At 17:54 3/23/2001 -0700, Hilarie Orman wrote:
My comments in brackets.


>>> Ian Cooper <icooper(_at_)equinix(_dot_)com> 03/23/01 09:13AM >>>
At 07:21 3/23/2001 -0800, Michael W. Condry wrote:
>Intermediary services provided in this way are not
>transparent: Either the content requestor or provider will
>be aware that a transformation has been performed.

Did we remove the case where the access provider is the one controlling the

[The security model will have to clarify this.  "Controlling" the
transformation might be a different role than "authorizing" or
"delegating" the transformation.  So the access provider may
simply be carrying out the intent of the requestor or provider.]

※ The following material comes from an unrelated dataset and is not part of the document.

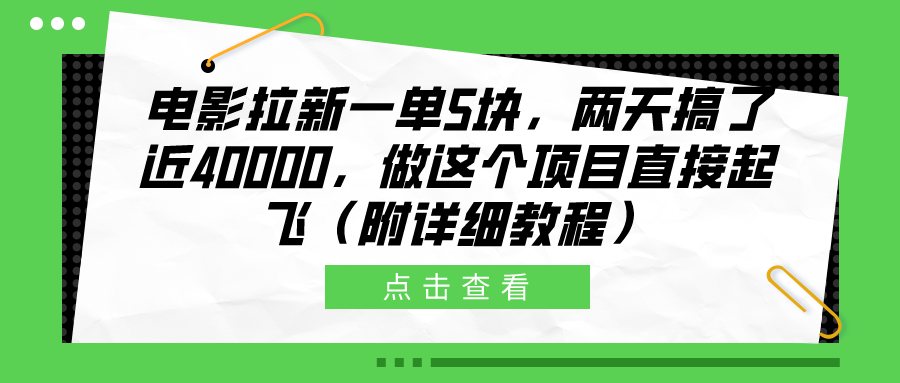 电影拉新一单5块，两天搞了近40000，做这个橡木直接起飞（附详细教程）-靠谱项目库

Also "..the content requestor.. will be aware that a transformation has
been performed".  Would this be similar to the notional Warning headers
that I've never seen used in HTTP/1.1?  The content consumer may have
requested that services be provided, but when do they know if the trigger
has fired and the transformation has been carried out?

[Again, the security work needs to clarify this; "awareness" might be
as little as "authorization", or as intrusive as "click here for element
transformation 'Language Translation English to Chinese' action".

Agreed that we need to do work in this area - I was trying to get some discussion going ;-)

What I was trying to get at was the fact that a rule may not trigger for every request a specific content consumer requests. And the "click here for action" is rather too intrusive, perhaps. So perhaps this is a candidate for an update to 2616 for some additional Warning header material?

This is a case where "you signed on the dotted line" doesn't work. The user may be aware that a certain transformation *could* occur, but I think they also need to know when it *has* occurred.

So while I agree that there needs to be some work within the security text, I also think there's a real protocol element to it.